# Here is Troy



## keithturner (Aug 20, 2007)

This our actual first horse.. He gets along well with my pa-in-law's mare and colt. He is absolutely beautiful and extremely loving and friendly. The lady I bought him from said he is American Saddlebred. We got him with all tack and synthetic barrell saddle for $500...


----------



## Tessa Bear (May 15, 2007)

wow it looks like you have a really harsh but in his mouth and a tie down on him....

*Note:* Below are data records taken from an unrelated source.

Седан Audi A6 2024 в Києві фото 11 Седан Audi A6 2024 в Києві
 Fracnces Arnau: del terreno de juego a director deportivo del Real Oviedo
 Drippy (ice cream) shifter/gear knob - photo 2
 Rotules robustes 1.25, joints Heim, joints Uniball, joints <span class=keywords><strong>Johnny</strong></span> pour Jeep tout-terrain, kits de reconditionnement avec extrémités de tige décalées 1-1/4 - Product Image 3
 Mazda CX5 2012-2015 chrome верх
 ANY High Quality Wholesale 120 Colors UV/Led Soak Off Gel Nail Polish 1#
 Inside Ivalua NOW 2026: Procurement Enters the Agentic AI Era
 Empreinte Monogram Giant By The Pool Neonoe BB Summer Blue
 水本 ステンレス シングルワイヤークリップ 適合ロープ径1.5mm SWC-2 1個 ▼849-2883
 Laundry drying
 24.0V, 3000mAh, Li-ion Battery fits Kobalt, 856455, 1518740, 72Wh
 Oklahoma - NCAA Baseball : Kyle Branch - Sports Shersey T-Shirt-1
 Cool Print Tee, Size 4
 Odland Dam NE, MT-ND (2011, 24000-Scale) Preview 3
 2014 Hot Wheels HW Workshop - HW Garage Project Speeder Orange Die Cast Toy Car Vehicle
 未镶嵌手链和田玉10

makes me think you don't think hes safe?


----------



## keithturner (Aug 20, 2007)

That is the bit that came with him. My neighbor said that is the one that is supposed to be on him. It is a bit for gaited horses. The tie down was suggested until we get really comfortable riding. He is teaching us alot of things. My neighbor and his wife say he has a perfect gait and they loved it when they got on him. He listens really well so hopefully soon I can take the tie down off. I dont like the way it looks. I also want to be confident enough to take the halter off when I put on the bridle. It is all a learning process.


----------



## Kiki (Feb 7, 2007)

Yeah they are kind of harsh........

Have you tried riding him without them??


----------



## keithturner (Aug 20, 2007)

not yet, though i have been thinking about it because the people we bought him from rode him bareback sometimes. We found out today what the previous owners meant by "a little hard-headed"...


----------



## KANSAS_TWISTER (Feb 23, 2007)

ok you bought another horse with out really knowing any thing about horses?, and relying on what your nieghbor tell's you?....not to be rude but.........it might of be wise to take lesson's before jumping in to this......and yes i agree with every one else your horse have a very harsh bit and something a begginer should not be dealing with....btw that halter looks way to tight


----------



## meggymoo (Mar 10, 2007)

Hi Keith,

He looks nice, cute face. Troy's a good name, suits him too.  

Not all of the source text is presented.